Prevention of Portal-Tract Fibrosis in Zfyve19 -/- Mouse Model with Adeno-Associated Virus Vector Delivering ZFYVE19 .

Zinc finger FYVE-type containing 19 (ZFYVE19) deficiency, caused by biallelic ZFYVE19 complete loss-of-function variants, is a recently identified chronic hepatobiliary disorder characterized by obvious portal-tract fibrosis, increased numbers of bile ducts with malformations, and abnormal levels of serum markers of hepatobiliary injury.

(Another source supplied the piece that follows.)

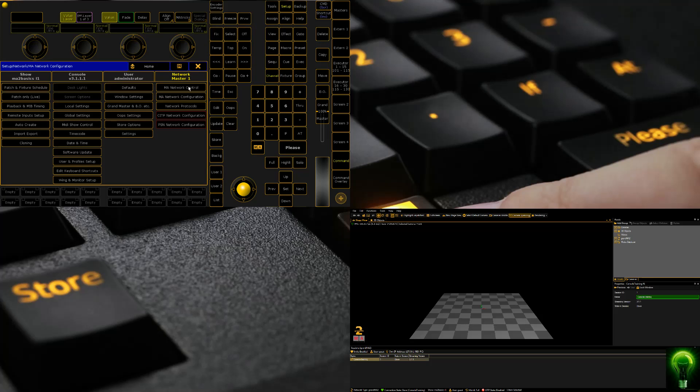In our next lesson, we're going to cover patching fixtures into MA2 and manipulating them in 3D. Thank you for watching.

As liver-targeted adeno-associated virus (AAV) gene therapy has been used successfully in hepatobiliary diseases, liver-targeted gene therapy has been explored in a mouse model of this disorder. Three ZFYVE19 AAV vectors (AAV- hZFYVE19 , AAV- hZFYVE19-m , and AAV- hZFYVE19-co ) were constructed and injected into Zfyve19-/- mice, which were treated with alpha-naphthyl isothiocyanate (ANIT), a hepatobiliary toxin. Hematoxylin/eosin (H&E), immunohistochemical (IHC) staining, immunofluorescence (IF) staining, Sirius red staining, RT-qPCR, and western blotting (WB) of liver tissue, along with serum hepatobiliary injury markers analyses, were performed to evaluate the effects of gene therapy. AAV- hZFYVE19 decreased serum hepatobiliary injury markers, portal-tract inflammation, ductal hyperplasia, and portal-tract fibrosis in Zfyve19-/- model mice most substantially at a relatively low dose (1 × 1011 vg/kg), whereas AAV- hZFYVE19 at a higher dose gradually lost the above-mentioned benefits and even caused deterioration at the highest dose of 5 × 1012 vg/kg. These observations verified the pathogenicity of ZFYVE19 deficiency and suggested that the ZFYVE19 gene needs to function well at an optimal level of expression; both too low or too high ZFYVE19 expression may be harmful.